Jørgen Ryhl Bineau enlisted in the Royal Norwegian Air Force in 'Little Noway' during the Second World War. He was killed in action on 5 April 1945, shortly before the war ended.
Jørgen Ryhl Binau (or Bineau) was born on 1 April 1921. He was the son of cigar merchant Emil Frantz Leopold Binau and Marie Vilhelmine Frederikke Binau (née Ryhl). Bineau went to middle school in Bagsværd from 1933-1937. He continued his education at the business college in Copenhagen the following year, while working as an office clerk at the same time.
In 1938, Bineau shipped on a merchant vessel, and he remained at sea for the following three years. On 9 April 1940, the day of the German invasion of Denmark, he was onboard SS Sicilien, which had arrived in New York the day before. The vessel was requisitioned by the U.S. War Shipping Administration in mid-1941 and sunk by a German U-Boat (U-172) on 7 June 1942 in the waters near Haiti. By that time, however, Bineau had long left the ship. On 27 May 1940, he had shipped on Esso Balboa, and on 28 December 1940 he shipped on the Swedish vessel M/S Chile (1937). He discharged from the ship on 4 July 1941 in New York. He travelled to Canada to join the Norwegian Air Force.
Royal Norwegian Air Force
Bineau was accepted for Norwegian service on 13 September 1941. He was trained as wireless operation mechanic, initially, but was later remustered as wireless operator and air gunner.

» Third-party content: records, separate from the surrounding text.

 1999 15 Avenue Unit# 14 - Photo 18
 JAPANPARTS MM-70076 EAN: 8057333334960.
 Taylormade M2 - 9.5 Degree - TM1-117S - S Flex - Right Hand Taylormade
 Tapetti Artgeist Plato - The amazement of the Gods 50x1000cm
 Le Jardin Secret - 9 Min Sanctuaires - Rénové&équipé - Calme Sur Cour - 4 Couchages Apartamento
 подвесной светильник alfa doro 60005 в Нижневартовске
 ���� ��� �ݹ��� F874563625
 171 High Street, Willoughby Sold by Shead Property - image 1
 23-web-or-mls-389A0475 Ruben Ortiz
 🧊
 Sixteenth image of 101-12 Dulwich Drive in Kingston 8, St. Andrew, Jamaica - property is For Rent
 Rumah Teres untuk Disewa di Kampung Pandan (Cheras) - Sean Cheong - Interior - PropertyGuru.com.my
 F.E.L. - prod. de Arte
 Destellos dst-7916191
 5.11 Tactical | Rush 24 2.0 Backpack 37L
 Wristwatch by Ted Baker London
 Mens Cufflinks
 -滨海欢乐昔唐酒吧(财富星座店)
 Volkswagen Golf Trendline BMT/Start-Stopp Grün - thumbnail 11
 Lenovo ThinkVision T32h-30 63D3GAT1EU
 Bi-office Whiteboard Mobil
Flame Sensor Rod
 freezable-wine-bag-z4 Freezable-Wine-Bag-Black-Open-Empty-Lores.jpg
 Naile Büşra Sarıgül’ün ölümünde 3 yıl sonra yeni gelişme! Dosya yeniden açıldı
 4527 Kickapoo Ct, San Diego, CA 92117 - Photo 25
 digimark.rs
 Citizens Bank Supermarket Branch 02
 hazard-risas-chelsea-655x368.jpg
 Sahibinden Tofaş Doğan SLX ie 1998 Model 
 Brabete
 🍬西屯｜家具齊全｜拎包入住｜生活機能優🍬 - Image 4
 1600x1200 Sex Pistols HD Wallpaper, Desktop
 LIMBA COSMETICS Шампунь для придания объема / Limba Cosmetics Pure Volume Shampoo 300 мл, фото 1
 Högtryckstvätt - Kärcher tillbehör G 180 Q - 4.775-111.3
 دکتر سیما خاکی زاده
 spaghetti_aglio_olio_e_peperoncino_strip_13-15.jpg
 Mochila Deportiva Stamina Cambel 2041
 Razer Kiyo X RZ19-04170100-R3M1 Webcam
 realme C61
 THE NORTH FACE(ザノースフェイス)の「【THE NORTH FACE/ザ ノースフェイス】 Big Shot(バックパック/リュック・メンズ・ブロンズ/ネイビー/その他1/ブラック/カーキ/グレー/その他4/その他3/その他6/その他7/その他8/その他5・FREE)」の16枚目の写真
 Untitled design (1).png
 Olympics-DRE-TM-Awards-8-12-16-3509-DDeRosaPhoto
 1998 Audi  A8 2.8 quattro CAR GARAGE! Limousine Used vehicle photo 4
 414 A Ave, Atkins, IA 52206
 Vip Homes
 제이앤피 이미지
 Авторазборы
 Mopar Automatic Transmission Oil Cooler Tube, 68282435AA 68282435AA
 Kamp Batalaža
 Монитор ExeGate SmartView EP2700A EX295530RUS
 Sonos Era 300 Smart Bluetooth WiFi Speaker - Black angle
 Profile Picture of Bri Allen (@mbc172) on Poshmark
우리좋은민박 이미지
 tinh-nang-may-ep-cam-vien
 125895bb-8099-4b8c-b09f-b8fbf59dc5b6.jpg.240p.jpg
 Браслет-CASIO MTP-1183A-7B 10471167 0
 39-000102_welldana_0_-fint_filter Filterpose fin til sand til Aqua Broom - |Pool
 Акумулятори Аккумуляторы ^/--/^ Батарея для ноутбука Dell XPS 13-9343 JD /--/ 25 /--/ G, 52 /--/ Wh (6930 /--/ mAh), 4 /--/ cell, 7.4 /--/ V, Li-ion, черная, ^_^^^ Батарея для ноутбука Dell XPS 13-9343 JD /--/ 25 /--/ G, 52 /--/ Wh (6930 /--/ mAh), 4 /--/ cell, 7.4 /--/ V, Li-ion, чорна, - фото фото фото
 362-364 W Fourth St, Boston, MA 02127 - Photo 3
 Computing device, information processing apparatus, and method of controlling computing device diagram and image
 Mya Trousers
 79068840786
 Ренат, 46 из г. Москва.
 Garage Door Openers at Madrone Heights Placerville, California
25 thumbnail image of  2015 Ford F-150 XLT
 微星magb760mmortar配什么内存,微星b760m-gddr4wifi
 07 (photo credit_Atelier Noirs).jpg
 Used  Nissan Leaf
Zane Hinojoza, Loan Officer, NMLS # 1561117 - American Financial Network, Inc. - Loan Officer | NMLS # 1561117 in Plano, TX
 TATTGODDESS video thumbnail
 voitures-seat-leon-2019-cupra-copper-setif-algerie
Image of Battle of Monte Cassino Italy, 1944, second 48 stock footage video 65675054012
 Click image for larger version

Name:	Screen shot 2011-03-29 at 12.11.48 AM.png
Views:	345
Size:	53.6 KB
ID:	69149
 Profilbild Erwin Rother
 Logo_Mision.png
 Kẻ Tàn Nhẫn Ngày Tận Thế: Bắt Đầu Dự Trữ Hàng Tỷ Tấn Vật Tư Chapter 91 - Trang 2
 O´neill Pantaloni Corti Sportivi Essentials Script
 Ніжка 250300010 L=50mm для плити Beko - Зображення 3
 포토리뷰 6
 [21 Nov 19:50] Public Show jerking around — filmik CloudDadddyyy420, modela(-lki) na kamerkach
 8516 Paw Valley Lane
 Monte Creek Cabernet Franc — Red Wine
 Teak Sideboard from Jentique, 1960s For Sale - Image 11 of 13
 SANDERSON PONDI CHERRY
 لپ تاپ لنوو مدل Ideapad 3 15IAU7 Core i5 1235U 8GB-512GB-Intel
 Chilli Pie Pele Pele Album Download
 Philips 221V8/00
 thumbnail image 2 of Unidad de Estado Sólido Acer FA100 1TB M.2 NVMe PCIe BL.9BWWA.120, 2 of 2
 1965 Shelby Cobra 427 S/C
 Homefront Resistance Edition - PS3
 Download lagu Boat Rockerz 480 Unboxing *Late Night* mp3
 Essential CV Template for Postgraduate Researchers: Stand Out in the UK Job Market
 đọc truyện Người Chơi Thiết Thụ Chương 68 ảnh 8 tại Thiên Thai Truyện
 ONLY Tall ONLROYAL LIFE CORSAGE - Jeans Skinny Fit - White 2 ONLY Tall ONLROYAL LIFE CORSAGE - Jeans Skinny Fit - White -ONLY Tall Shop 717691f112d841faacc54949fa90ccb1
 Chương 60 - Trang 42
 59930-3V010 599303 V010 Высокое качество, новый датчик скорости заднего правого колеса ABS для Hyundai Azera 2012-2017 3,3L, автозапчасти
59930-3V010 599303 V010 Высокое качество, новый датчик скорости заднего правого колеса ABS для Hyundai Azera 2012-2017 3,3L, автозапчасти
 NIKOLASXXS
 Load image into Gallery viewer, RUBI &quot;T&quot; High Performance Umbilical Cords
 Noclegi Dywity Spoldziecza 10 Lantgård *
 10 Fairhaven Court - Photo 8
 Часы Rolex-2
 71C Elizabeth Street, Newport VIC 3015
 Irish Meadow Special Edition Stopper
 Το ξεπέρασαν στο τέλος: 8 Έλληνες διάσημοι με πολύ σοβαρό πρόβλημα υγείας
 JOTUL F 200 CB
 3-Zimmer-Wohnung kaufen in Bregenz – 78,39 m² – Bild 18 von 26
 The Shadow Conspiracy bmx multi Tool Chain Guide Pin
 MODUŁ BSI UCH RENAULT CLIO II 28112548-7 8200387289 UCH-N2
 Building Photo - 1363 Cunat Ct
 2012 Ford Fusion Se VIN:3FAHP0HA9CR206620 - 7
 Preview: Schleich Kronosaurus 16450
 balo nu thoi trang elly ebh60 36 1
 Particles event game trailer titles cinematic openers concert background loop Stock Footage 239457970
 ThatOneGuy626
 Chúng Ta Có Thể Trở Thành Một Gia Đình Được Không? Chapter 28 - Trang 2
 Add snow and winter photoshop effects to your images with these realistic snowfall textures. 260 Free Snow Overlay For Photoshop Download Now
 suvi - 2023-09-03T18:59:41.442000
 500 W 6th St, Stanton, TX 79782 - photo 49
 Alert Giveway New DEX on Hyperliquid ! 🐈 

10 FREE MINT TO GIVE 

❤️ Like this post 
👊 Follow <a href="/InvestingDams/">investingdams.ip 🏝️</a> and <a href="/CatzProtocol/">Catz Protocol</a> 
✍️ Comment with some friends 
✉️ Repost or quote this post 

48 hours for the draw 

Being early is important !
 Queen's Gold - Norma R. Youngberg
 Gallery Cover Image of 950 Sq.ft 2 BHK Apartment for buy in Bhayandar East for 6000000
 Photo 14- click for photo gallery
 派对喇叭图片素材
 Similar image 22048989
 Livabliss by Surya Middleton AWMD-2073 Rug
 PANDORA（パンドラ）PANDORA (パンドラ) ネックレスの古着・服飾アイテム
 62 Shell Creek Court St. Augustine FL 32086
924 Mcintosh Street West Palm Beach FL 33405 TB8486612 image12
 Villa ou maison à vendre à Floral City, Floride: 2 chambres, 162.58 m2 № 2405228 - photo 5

He was transferred to England on 2 July 1943 and received further training at various radio schools (1 RS, RAF Cranwell, 11 RS, RAF Little Sutton, and 10 RS, RAF Carew Cheriton). On 31 May 1944, he was posted to 4 OTU at RAF Alness for operational training prior to squadron posting. He was posted to 330 Squadron on 13 July 1944. In 1944, when Bineau joined, the squadron operated Sunderlands out of Sollum Voe on the Shetland Islands.
Another two Danish aircrew were serving at the squadron at this point. Sgt Erling Qvistgaard Hansen had been posted to the squadron in May 1942 and served in the squadron until he was posted to HQ RNAF in London on 20 August 1944. Hansen returned to operational service in the squadron in 1945. Sgt Kaj Alfred Green had been posted to the squadron on on 17 June 1944. This squadron was one of two Norwegian squadrons in Coastal Command, and had been established on Iceland in 1941.
Bineau became part of 2Lt Naustdal’s crew, carrying out his first operation, an uneventful anti-submarine patrol, on 13 July. He was part of this crew until March 1945.
Five days later, on 18 July, the crew sighted a U-boat while on patrol, but it submerged before they were able to attack. About two months later, on 20 September, Bineau’s crew were on a patrol close to the Norwegian coast, experiencing flak from Sula and Utvær. Here they sighted a Dornier Do 24 and a Bf 110, both on a southerly course. The enemy aircraft turned to attack and fired short bursts at long range. The crew did not return fire, but turned west for cloud cover. Soon afterwards, off Bremangerlandet in Norway, they sighted a Ju 88 and took cloud cover again, returning to base. The following months, Bineau took part in nearly forty operational sorties, mainly patrol missions.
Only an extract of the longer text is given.